What is being asked: Please copy exactly the part of the records below that opens with the line containing "Ремкомплект ограничителей дверей" and closes with the line containing "Powder Blue Windowpane Check Shirt - Image 4", leaving out any pictures.

─── Record extracts

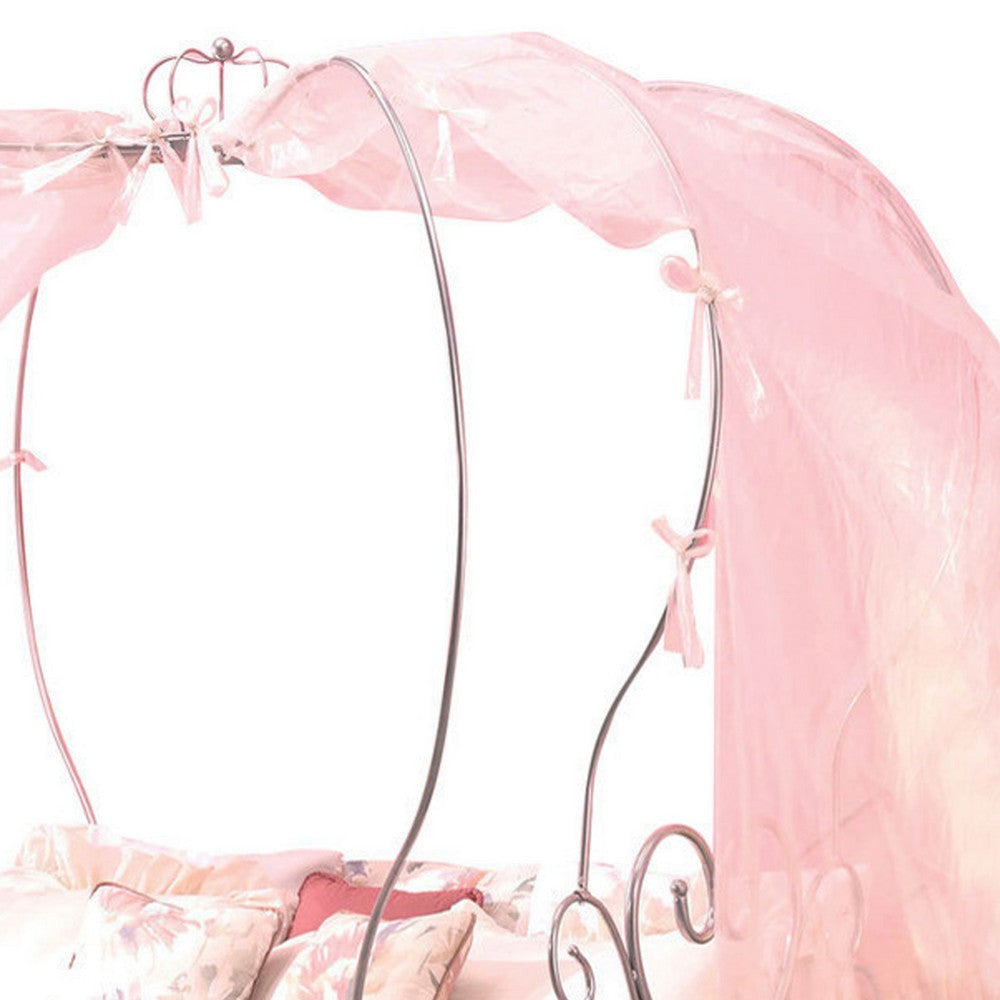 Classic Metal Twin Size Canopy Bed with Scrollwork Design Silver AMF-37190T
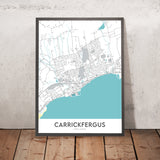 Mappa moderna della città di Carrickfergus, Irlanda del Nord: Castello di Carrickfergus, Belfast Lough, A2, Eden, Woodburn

──────
─── Record extracts

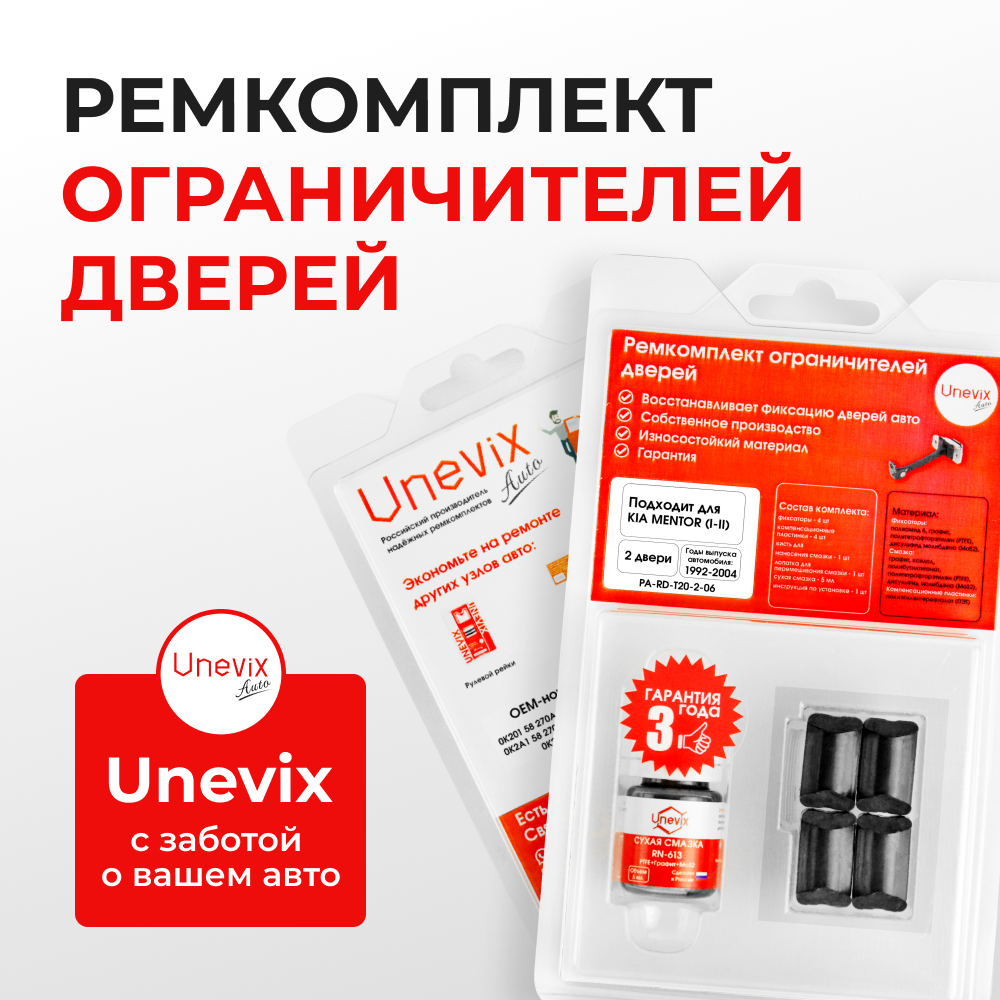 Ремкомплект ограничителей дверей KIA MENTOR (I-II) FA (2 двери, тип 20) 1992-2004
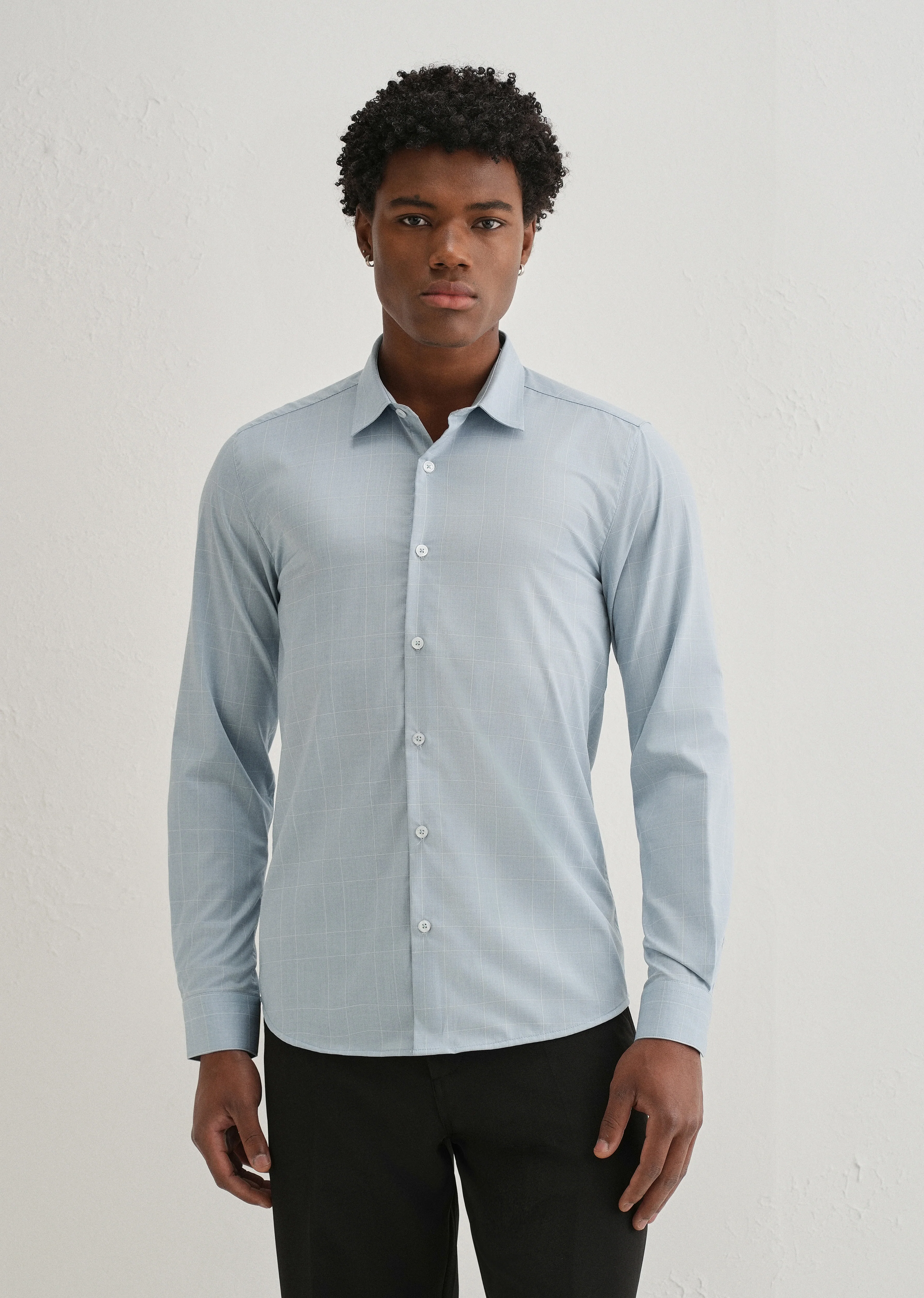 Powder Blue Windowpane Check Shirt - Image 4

──────

Reply to the exercise:
 Ремкомплект ограничителей дверей KIA MENTOR (I-II) FA (2 двери, тип 20) 1992-2004
 Powder Blue Windowpane Check Shirt - Image 4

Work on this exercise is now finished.